Der Prolog der diesjährigen 28. Tanztage sprengte wirklich alle bisherigen Potsdamer Tanz-Dimensionen. Und: die Meisten der Tänzer*innen und Zuschauer*innen waren Frauen.

Sie hatten drei Monate lang auf diesen Auftritt hingearbeitet und zeigten unter prächtigem Abendhimmel eine halbe Stunde lang alles, was in ihnen steckt. Nämlich jede Menge Energie und Lebensfreude, Kooperationsbereitschaft und Weltoffenheit.

Und obwohl sich die Choreografie von Sylvain Émard  am Line-Dance – bei dem in Reihen und Linien vor- und nebeneinander getanzt wird – orientierte, hatte sie nichts mit der strengen Ordnung und Uniformität von militärischen Aufmärschen zu tun, die seit dem Soldatenkönig auch im Lustgarten stattgefunden hatten.

Große und Kleine, Frauen und Männer, Kräftige und Zarte, Junge und Ältere tanzten u. a. zu lateinamerikanisch inspirierten Rhythmen einträchtig mit- und nebeneinander.

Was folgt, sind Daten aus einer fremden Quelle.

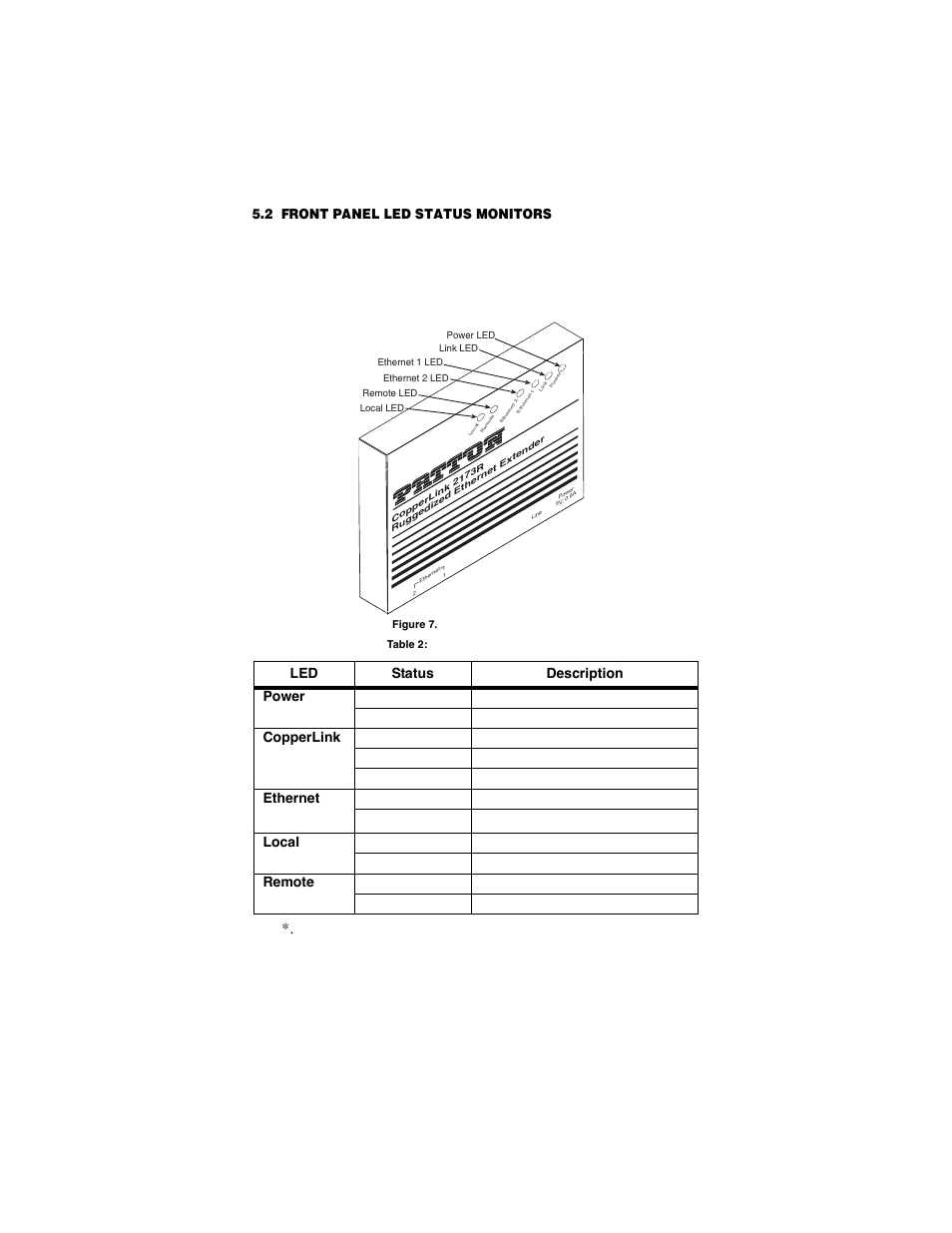 2 front panel led status monitors, Front panel led status monitors | Patton electronic 2173R User Manual | Page 15 / 20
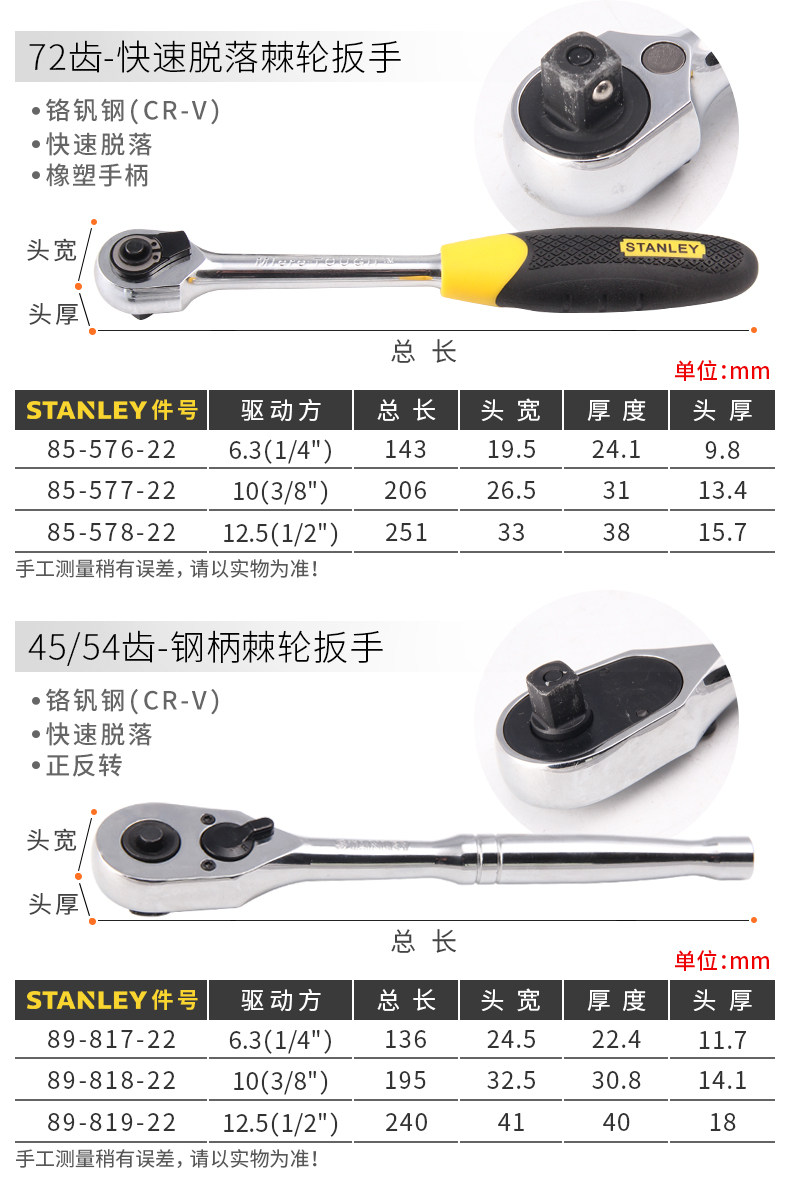 Гаечный ключ 史丹利套筒扳手单个棘轮快速汽修套头扳子汽车维修专业工具正反转 STANLEY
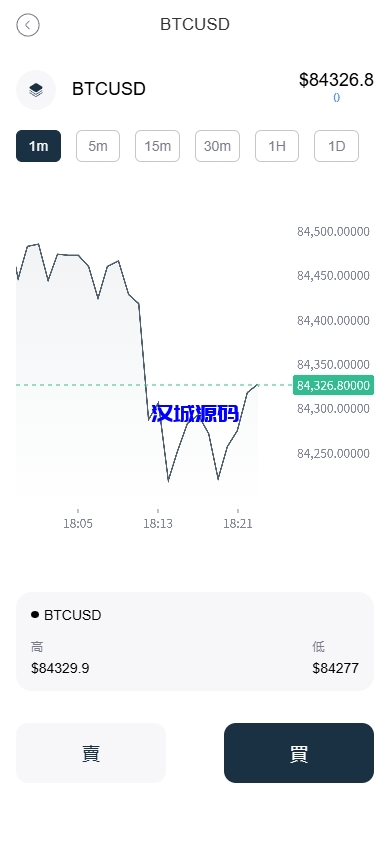 图片[6]-海外FX6系统/多语言外汇虚拟币合约交易/K线控制-汉城海外源码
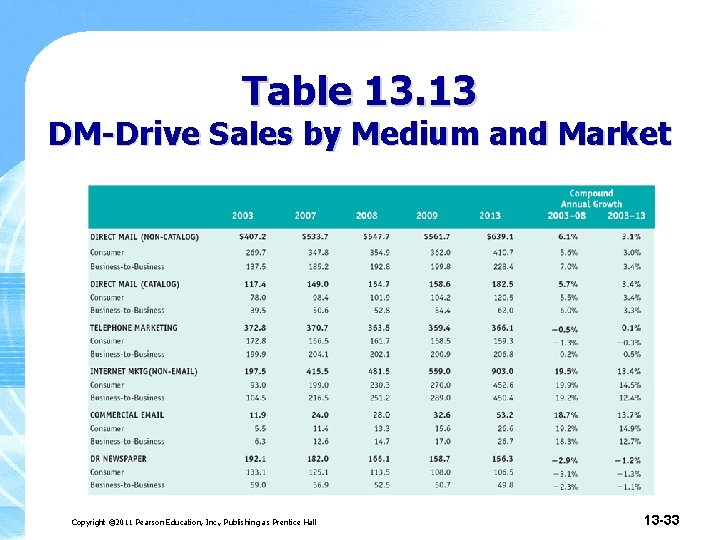 Table 13. 13 DM-Drive Sales by Medium and Market Copyright © 2011 Pearson Education,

Viele trugen luftige Sommerkleidchen, andere legere  Sportklamotten, sogar jemand in Zimmermannskleidung beziehungsweise mit schwarzen Spitzenhemd war zu sehen.

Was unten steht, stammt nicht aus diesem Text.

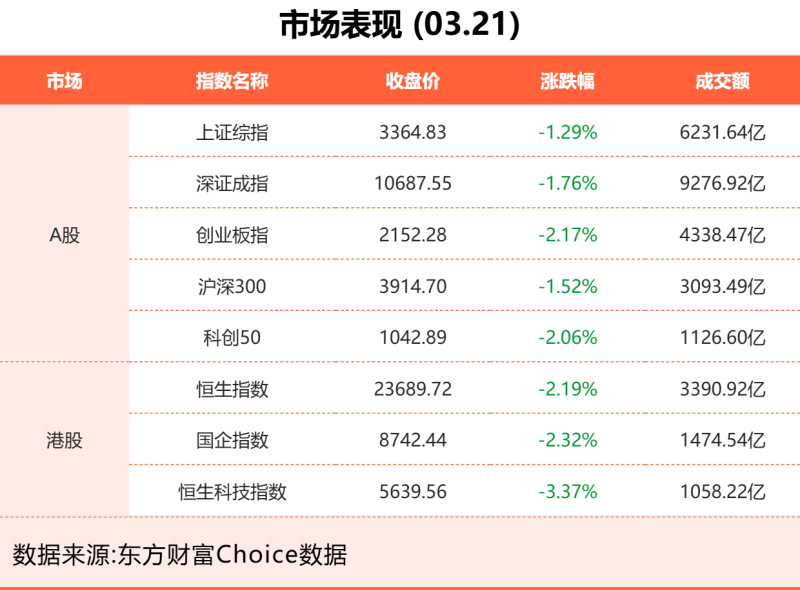 3月21日东方财富财经晚报（附新闻联播）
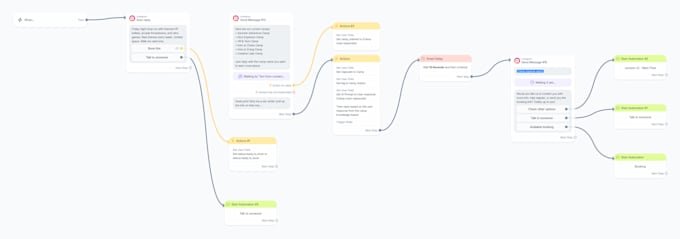 Build manychat ai chatbot instagram dm facebook lead generation ...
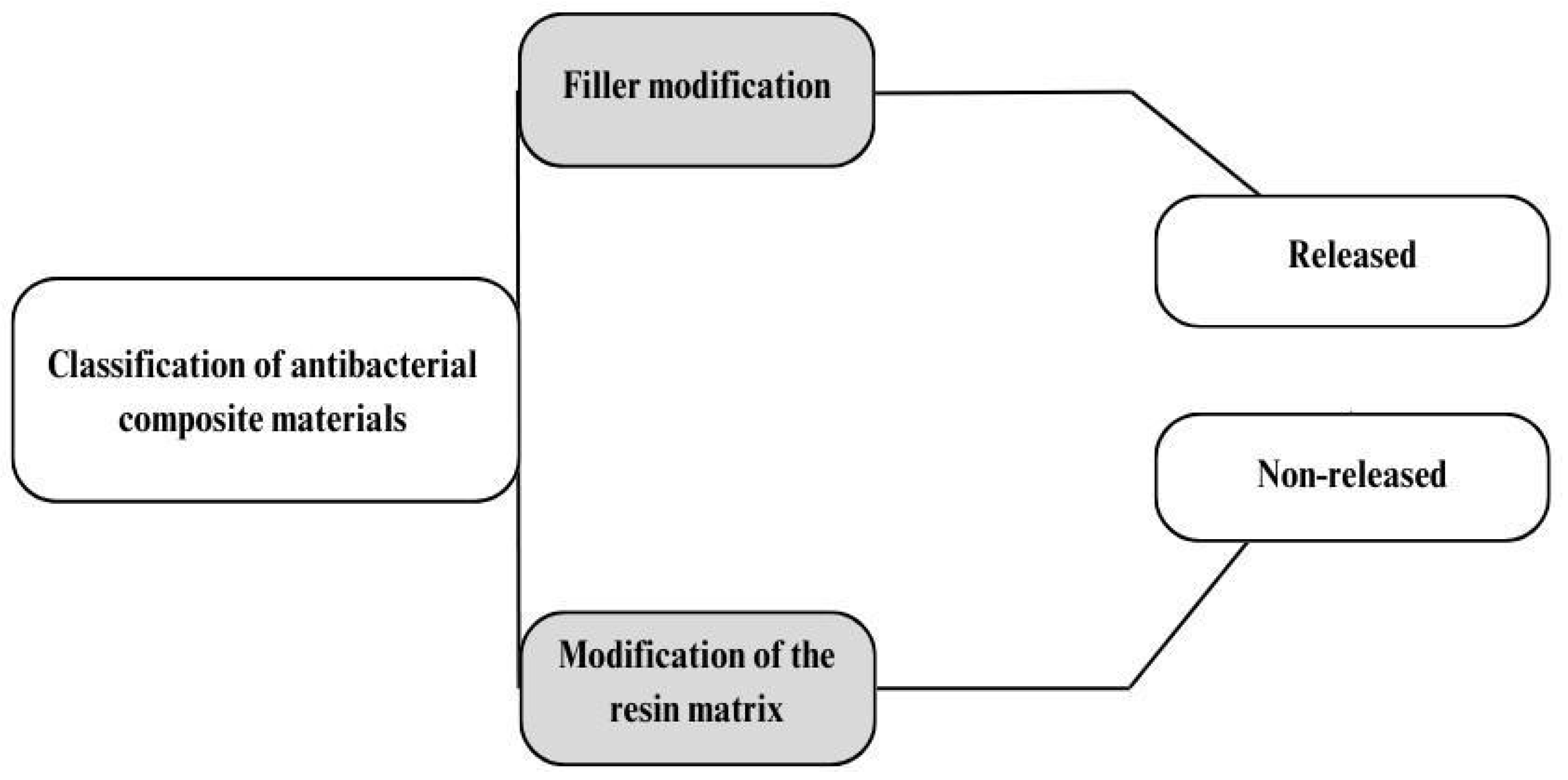 Applsci 14 03710 g001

Die meisten Tänzer*innen lächelten beseelt bei dem was sie taten, andere konzentrierten sich auf die vielen verschiedenen Schrittfolgen mit ernsthaftem, nach innen gerichtetem Blick. Und sie erzeugten, das war auch unter freiem Himmel zu spüren, eine wunderbare (Gemeinschafts-)Energie. Die noch nachwirkte, als das Ganze – fast zu schnell -  zu Ende war.

Noch nicht zu Ende sind hingegen die Potsdamer Tanztage – bis 10. Juni bieten sie ein reichhaltiges Programm in der Schiffbauergasse und anderswo. Stärker als bisher sind dort in diesem Jahr die Arbeiten von Choreografinnen aus aller Welt vertreten.

Am ersten Juniwochenende waren z. B. die von Miet Warlop aus Belgien oder in der Kirche am Neuendorfer Anger die sehr berührende Performance „Simple Action“ von Yasmeen Godder aus Tel Aviv zu sehen. Besonders gespannt sein kann frau auf die Deutschlandpremiere von „A long talk to oneself“ der jungen Südkoreanerin Bora Kim.

Und das Stück „1.7“ der Ungarin Zsuzsa Rózsavölgyi erforscht den weiblichen Körper in Kommunikation mit der heutigen (Konsum-)Gesellschaft. Also, dance now! Und frau sieht sich bei den Potsdamer (Frauen-) Tanztagen.